De tous les obstacles qui empêchent d'établir la défense du Japon à un niveau peu en rapport avec la force du pays, le plus important vient sans doute de l'esprit du peuple japonais. Dans leur majorité, les Japonais continuent à penser sans doute qu'ils en ont fini avec la guerre. La leçon américaine a suffi. Que les Américains montent la garde et renforcent leurs armes autour du Japon s'ils pensent que la situation stratégique l'exige! Le Japon peut même leur donner de l'argent pour cela s'ils en demandent. L'expérience d'un gouvernement qui a été subverti par l'armée, laquelle a mené le peuple dans la pire guerre, est encore aujourd'hui stérilisante.
En fin de compte, l'imprégnation du pacifisme a pénétré jusqu'à la conscience sociale. Elle a fini par transformer l'éthique au point que certaines valeurs s'en trouvent contaminées. En particulier, les hommes qui servent la nation dans l'armée mériteraient un traitement plus juste que celui qui leur est fait."
L'auteur, déplorant de manière évidente cet état de fait, indique bien l'imprégnation pacifiste du pays tout entier qui laisse en définitive de très faibles marges de manoeuvres à des hommes politiques soucieux de sortir le Japon d'une période constitutionnelle pour entrer de plain pied dans un concert "classique" d'États. C'est pourquoi, malgré un certain battage médiatique, il n'est pas certain que les récentes activités gouvernementales aient un impact sérieux sur l'ensemble de la politique de défense.

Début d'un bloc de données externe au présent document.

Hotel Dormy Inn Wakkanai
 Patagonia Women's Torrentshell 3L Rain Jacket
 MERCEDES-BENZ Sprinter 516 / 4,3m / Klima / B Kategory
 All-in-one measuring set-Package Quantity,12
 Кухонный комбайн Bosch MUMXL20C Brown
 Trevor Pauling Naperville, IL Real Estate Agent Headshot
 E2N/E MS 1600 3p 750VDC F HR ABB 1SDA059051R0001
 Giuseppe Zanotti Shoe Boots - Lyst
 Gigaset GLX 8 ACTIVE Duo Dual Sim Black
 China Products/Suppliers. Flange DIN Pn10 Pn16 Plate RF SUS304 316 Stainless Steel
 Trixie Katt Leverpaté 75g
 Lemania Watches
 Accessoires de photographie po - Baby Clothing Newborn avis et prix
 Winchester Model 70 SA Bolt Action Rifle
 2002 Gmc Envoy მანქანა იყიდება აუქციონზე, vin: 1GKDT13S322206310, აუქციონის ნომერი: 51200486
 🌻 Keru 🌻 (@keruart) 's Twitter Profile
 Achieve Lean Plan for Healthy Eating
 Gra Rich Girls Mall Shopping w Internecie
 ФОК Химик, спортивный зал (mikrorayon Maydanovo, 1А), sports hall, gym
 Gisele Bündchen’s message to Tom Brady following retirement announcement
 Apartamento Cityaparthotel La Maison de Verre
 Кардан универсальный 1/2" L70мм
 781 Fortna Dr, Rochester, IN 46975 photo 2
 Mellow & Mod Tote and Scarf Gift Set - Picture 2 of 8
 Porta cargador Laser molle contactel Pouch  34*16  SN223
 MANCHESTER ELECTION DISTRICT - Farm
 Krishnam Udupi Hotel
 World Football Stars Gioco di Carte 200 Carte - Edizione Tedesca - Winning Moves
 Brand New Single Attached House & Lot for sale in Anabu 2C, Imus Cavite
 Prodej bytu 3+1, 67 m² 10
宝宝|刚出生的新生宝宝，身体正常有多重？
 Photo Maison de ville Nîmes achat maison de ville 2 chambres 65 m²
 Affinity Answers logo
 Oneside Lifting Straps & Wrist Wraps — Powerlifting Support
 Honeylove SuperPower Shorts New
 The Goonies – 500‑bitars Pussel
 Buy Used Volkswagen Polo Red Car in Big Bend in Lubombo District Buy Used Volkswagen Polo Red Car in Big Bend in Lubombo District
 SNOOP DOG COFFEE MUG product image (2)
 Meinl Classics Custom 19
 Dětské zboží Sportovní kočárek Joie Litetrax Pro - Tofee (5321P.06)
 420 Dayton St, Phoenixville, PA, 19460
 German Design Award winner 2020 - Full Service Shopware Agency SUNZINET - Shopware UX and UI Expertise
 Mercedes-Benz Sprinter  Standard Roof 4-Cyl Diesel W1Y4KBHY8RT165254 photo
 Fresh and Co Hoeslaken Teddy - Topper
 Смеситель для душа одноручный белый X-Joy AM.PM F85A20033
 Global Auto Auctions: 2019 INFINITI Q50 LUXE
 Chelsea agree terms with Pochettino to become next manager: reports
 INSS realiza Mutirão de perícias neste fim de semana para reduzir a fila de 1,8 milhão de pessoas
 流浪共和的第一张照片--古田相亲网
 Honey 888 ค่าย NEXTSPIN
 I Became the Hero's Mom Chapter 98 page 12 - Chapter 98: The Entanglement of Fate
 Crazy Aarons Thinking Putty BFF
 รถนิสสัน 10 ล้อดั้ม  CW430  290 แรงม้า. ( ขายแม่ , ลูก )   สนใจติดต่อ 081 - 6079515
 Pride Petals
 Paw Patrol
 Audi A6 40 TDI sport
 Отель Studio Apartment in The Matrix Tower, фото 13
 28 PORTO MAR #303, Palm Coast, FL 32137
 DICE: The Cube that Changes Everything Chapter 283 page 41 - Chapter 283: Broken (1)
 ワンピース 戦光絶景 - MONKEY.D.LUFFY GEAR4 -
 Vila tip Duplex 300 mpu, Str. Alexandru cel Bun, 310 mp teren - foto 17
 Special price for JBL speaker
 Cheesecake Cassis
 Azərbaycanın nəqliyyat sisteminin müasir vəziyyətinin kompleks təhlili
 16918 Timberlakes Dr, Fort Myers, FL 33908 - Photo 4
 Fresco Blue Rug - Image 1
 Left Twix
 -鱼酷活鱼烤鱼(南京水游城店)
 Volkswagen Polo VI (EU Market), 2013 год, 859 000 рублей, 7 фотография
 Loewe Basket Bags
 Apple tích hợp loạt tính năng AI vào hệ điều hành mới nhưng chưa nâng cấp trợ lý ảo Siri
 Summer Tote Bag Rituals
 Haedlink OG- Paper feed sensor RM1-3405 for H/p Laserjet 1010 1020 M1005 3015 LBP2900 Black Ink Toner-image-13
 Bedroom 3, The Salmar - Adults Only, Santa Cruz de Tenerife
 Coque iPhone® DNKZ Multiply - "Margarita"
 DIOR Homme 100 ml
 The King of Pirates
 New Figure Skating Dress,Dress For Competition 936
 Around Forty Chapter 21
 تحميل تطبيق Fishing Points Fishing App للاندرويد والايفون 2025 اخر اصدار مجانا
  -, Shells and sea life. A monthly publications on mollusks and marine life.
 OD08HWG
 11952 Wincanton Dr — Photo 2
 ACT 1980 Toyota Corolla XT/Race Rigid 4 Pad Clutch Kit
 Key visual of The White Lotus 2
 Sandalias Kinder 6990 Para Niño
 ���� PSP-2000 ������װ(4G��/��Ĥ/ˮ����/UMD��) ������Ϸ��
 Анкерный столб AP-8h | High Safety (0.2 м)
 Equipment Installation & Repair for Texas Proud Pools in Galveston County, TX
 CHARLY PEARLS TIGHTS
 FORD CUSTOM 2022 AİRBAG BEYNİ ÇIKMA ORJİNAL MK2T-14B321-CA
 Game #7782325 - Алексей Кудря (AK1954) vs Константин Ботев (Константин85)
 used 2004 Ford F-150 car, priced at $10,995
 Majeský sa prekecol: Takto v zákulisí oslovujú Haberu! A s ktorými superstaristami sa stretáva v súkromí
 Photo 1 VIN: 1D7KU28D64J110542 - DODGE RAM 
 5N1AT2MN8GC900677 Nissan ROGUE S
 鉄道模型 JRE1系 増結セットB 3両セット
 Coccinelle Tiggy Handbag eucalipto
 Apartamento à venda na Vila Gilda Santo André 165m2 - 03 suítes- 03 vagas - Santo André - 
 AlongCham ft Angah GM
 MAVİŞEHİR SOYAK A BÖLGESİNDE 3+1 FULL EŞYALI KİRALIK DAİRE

Toutefois, et en se basant beaucoup précisément sur les langages du politique, certains auteurs se demandent s'il n'y a pas en cours un changement (potentiel) de paradigme. Eric SEIZELET écrit que "le débat sur la révision de la Constitution de 1947 a connu un regain d'actualité avec le retour au pouvoir du Parti Libéral-Démocrate lors des élections générales de décembre 2012." Il explore l'avant-projet de révision constitutionnelle (qui veut opérer une autre interprétation de cette Constitution) (adopté en Conseil des ministres en juillet 2014) que ce parti a mis au point en avril (2014), l'un des points en discussion étant la réécriture de l'article 9 et du "pacifisme constitutionnel". Tout en soulignant que le PLD ne souhaite pas abandonner la posture pacifiste qui a été celle du Japon depuis 1945, il souligne que le parti majoritaire souhaite néanmoins en infléchir la portée en transformant les Forces d'autodéfense en "Armée de défense nationale". Compte-tenu de la complexité du processus de révision, il sera toutefois difficile pour le PLD de réunir un véritable consensus sur ce sujet, mais cet avant-projet en dit long sur l'évolution d'une politique de défense qui cherche à s'affranchir progressivement des tabous de l'après-guerre.
Eric SEIZELET, Japon : des Forces d'autodéfense à l'Armée de défense nationale. Autopsie d'un changement potentiel de paradigme, dans Mots, les langages du politique, n°104/2014. Jean ESMEIN, L'imprégnation pacifiste, dans Civilisations, Revue internationale d'anthropologie et de sciences humaines, n°39, 1991, numéro sur le Japon - enjeux du futur.